Another serious strength of the film was the creative modernization of the nearly 40 year old novel, something that especially in high-school set stories tend to get easily bastardized, be it by either being grossly outdated or changed to the point there’s very little recognition of the source material. Prime examples include the use of cyberbullying, texting, and YouTube in the plot.
While the cast is mostly fantastic, there are some bad eggs that need to be replaced. Chris’ boyfriend, Billy, is one of the most guilty of horrid character acting. Sue Snell, for being such an important part to this story, is rather quiet and doesn’t emote to the level one would expect her to for this role. This may not entirely be their fault, because the screenplay can take a good chunk of the blame for the rather dull dialogue and character dynamics that collect over the course of the film. Another major issue was the overdependence on copying many of the scenes and shots from the original Brian DePalma version. For horror buffs like us, we spotted many of these right off the bat, and they took us out of the experience.
The films greatest sins, however, were its effects. For being a major studio remake of one of King’s most iconic stories, there were some pretty low-grade visuals throughout, especially in the CGI department. While the occasional blunder in CGI is forgivable considering it’s still an un-perfected medium, Carrie contained far too many to be let off easy. Some key examples of the crap quality include the pigs, the blood, and a good chunk of the finale. After such a lengthy and well-set buildup, Carrie’s big blowup in the finale should be something that makes the audience gasp and go, “Holy crap…”, while they’re on the edge of their seats…Instead, we get a few cool revenge sequences surrounded by mediocrity, leading us to go “Meh.” instead.

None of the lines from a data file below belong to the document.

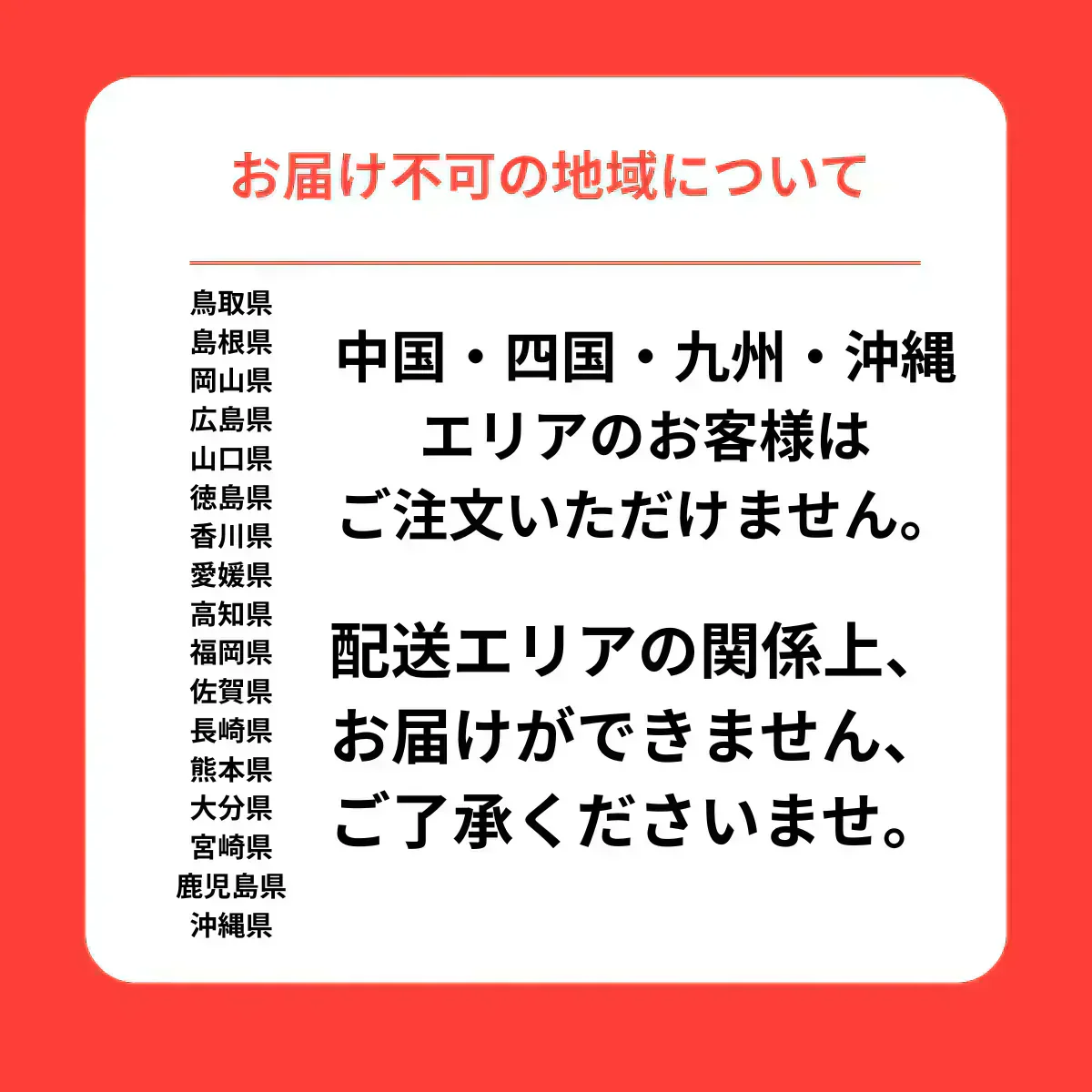 【配送エリア限定※北海道〜関西配送可能】タマネギ 1.2kg 小玉 玉葱 玉ねぎ 北海道産【カウシェファーム収穫対象商品】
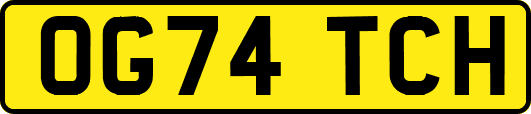 OG74TCH
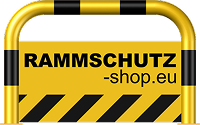 Rammschutz Logo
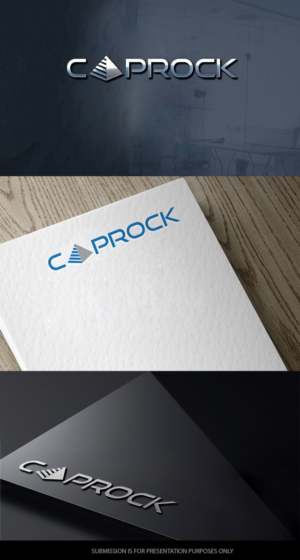 Logo Design by graphicevolution for this project | Design: #21097185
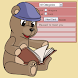 Japanese - English Flash Cards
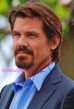 Josh Brolin (FILEminimizer).jpg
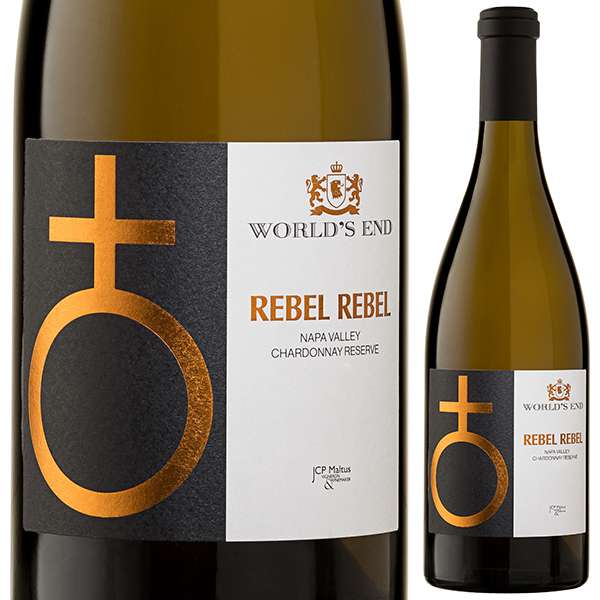 レベル レベル 2017 JCP マルテュス 750ml  [白]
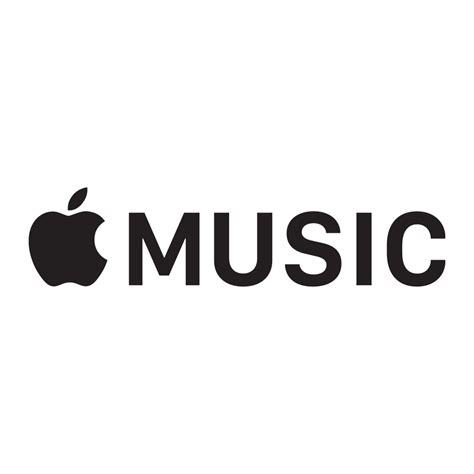logo apple  logos png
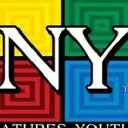 Nature'sYouth Promo Code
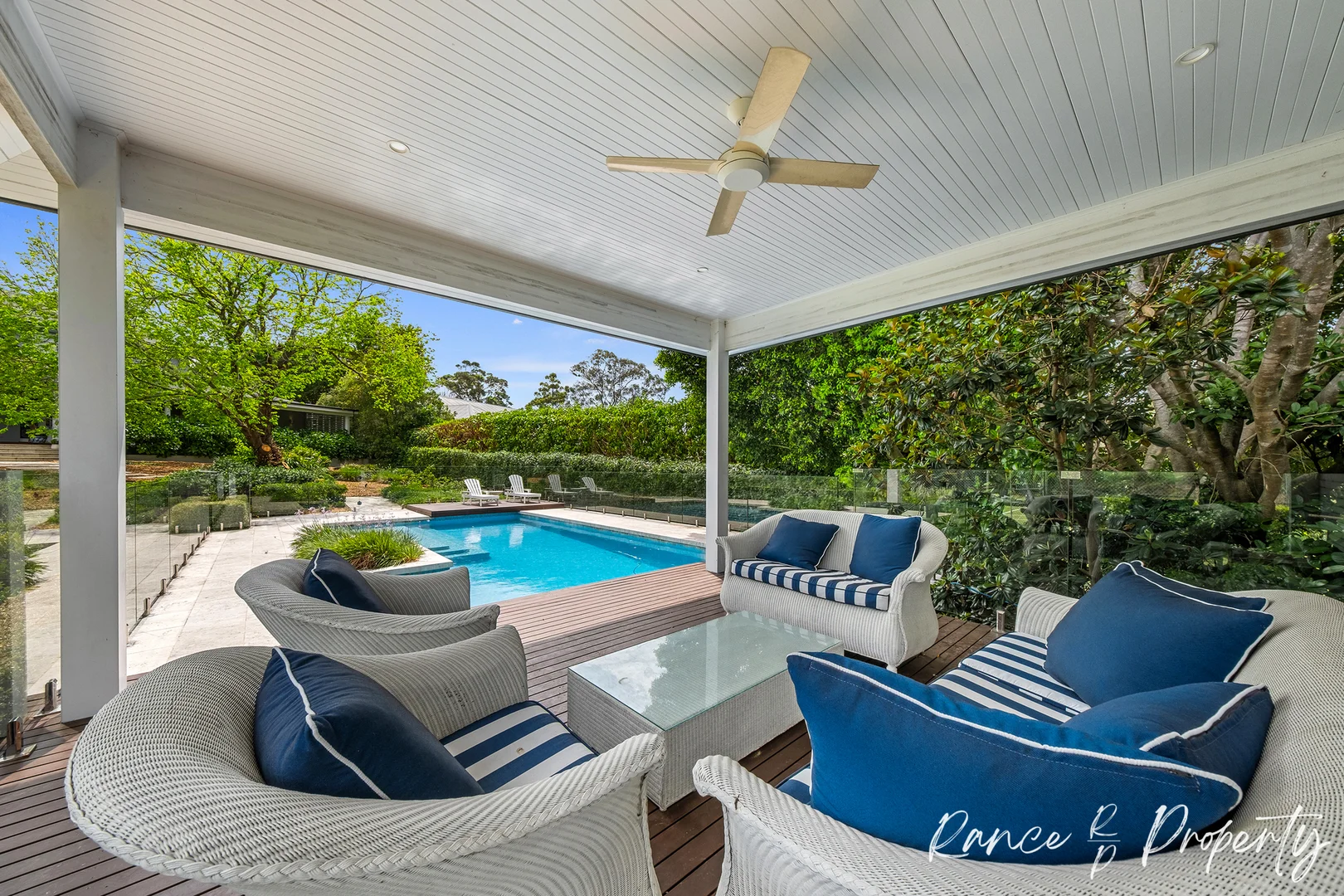 Additional image 9 of 6 Jones Road, Kenthurst NSW 2156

Final Score: Honestly, we had a little bit of difficulty scoring this. Chris was a little more dissatisfied with the result, wanting to give it a solid 6, Brendan felt a little more generous and gave it a 6.5, either way it still merits an Okay. While the effects and screenplay are quite the downer, the performances by Chloe Moretz and Julianne Moore make this modern telling of a classic Stephen King story, worth a viewing.